La crescita di Monti e quella del PD

Creato il 19 febbraio 2013 da Sviluppofelice @sviluppofelice

di Cosimo Perrotta

Pier Luigi Bersani con Mario Monti e Nichi Vendola (blizquotidiano.it)

In questa campagna elettorale si confrontano due – e solo due – progetti per uscire dalla crisi economica che attanaglia il paese. Uno è quello di Monti (non direi che è anche di Casini), l’altro è del PD. Monti in sostanza ragiona così: l’economia italiana è bloccata dalla bassa produttività, che – a differenza degli altri paesi europei – non aumenta da più di dieci anni. Questo blocco è dovuto al prevalere delle rendite e delle corporazioni, che difendono una selva di privilegi piccoli e grandi, e impediscono che si sviluppi la concorrenza di mercato. La soluzione sta nel combattere le rendite di posizione e riattivare la concorrenza. Questo rialzerà i profitti e allargherà l’occupazione.

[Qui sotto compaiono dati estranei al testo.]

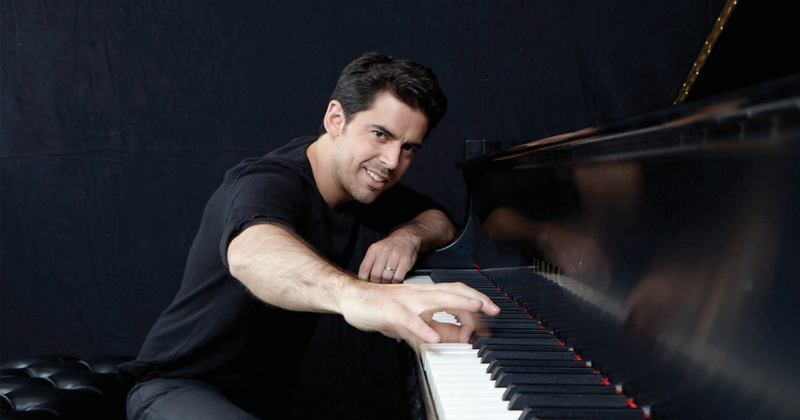 Tony DeSare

Questo modo di pensare non è sbagliato; ma è parziale, in due sensi. Innanzitutto perché le rendite e la bassa produttività sono solo una causa, quella italiana, della crisi. Accanto a questa, ci sono le cause che hanno generato la crisi in tutto l’Occidente: la saturazione dei mercati di beni tradizionali; l’enorme disoccupazione tecnologica generata dalla rivoluzione informatica; la speculazione finanziaria; infine la delocalizzazione dell’industria in paesi con salari più bassi e controlli minori. Nell’altro senso, la tesi di Monti è parziale perché vede le rendite corporative solo nel sindacato (anzi, nella CGIL; gli altri sindacati, essendo suoi alleati, si sono – non si sa come – mondati del corporativismo) , nell’ “eccesso” di welfare, e in categorie come giornalai, barbieri e bottegai. Sono sparite dal suo orizzonte le rendite, ben più pesanti, degli ordini professionali, delle banche, della politica, delle telecomunicazioni. Mentre, non ci sono mai state quelle dell’automobile, del gas, del petrolio; degli oligopoli della distribuzione; della speculazione edilizia e di quella finanziaria. Monti insomma si arma fino ai denti per sparare ai passeri e ignora gli elefanti.

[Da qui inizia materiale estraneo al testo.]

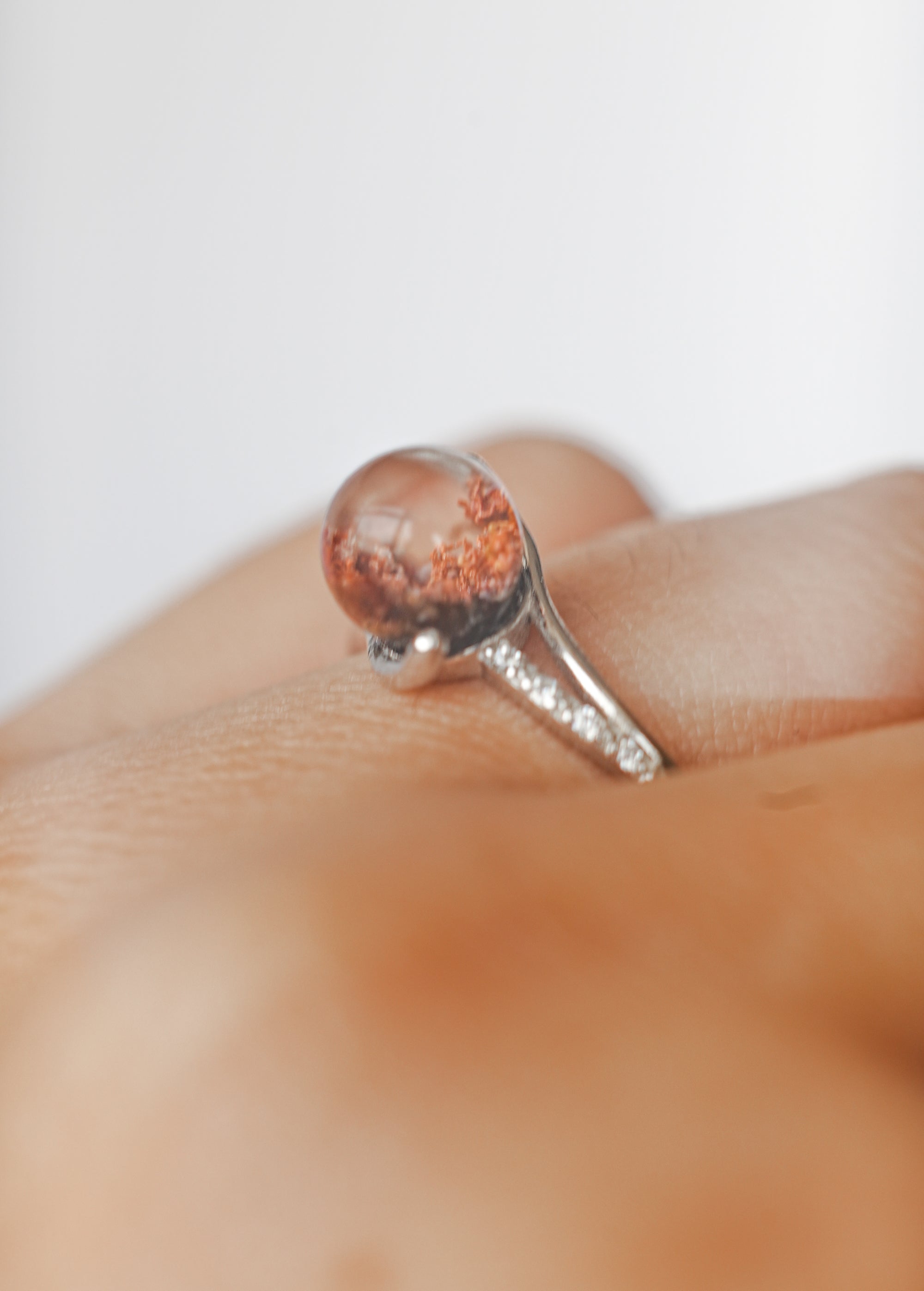 Anillo Redondo de Cuarzo Chamánico en Plata – Visión, Sanación y Conexión Espiritual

Ma il limite più grave di questa strategia è un altro. Monti crede che basti tagliare le spese e far quadrare i conti per riavviare la produzione. Ma così ci ha gettato nella recessione. Invece di combattere le rendite, come si proponeva, ha combattuto il potere d’acquisto dei ceti popolari e medi, abbassando ancor di più la domanda, che già era scarsa. Come si fa a rilanciare la produzione se non c’è chi acquisti i prodotti? E come si fa a rilanciarla se continuiamo a concentrarci su beni la cui domanda è satura, come automobili, abbigliamento, elettrodomestici, alimentari, ecc.?

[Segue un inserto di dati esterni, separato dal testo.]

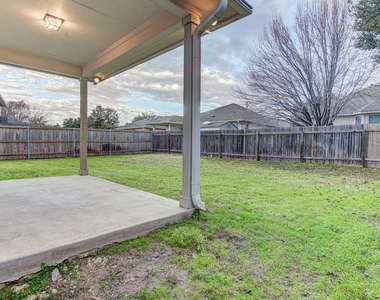 1808 Mcclannahan Dr - Photo Thumbnail 17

Per questo il progetto del PD parte dalla disoccupazione. Bisogna cominciare a riassorbirla in due modi: ricostituendo il potere d’acquisto dei ceti medio-bassi (ad es. con i salari di disoccupazione, finanziati dalla lotta all’evasione); e incoraggiando nuovi settori di produzione, che il capitale privato non ha la forza di promuovere, e che producano beni per i quali c’è una domanda. Ad es. fonti di energia pulita, la raccolta e il riciclo dei rifiuti, i servizi alla persona, l’alfabetizzazione informatica, la socializzazione delle categorie emarginate, il restauro dei beni archeologici, ecc.

Non è vero che queste produzioni si possano fare solo indebitando ulteriormente lo stato. Per alcune basterebbe una normativa più moderna (ad es. l’obbligo di impiantare pannelli fotovoltaici nelle costruzioni nuove o restaurate). Altre si possono finanziare con tasse di scopo, che la gente è più disposta a pagare (si pensi alle fognature, laddove mancano). In alcuni casi basta far pagare adeguatamente il consumo. Infine, in alcuni casi si possono promuovere società specifiche, che vendano titoli garantiti dallo stato su progetti di sviluppo (ad es. il restauro dei beni archeologici, finanziato dall’aumento dei turisti).

Ma per fare progetti di questo genere non si possono “silenziare” le forze sociali (pretesa arrogante e velleitaria). Bisogna coinvolgerle.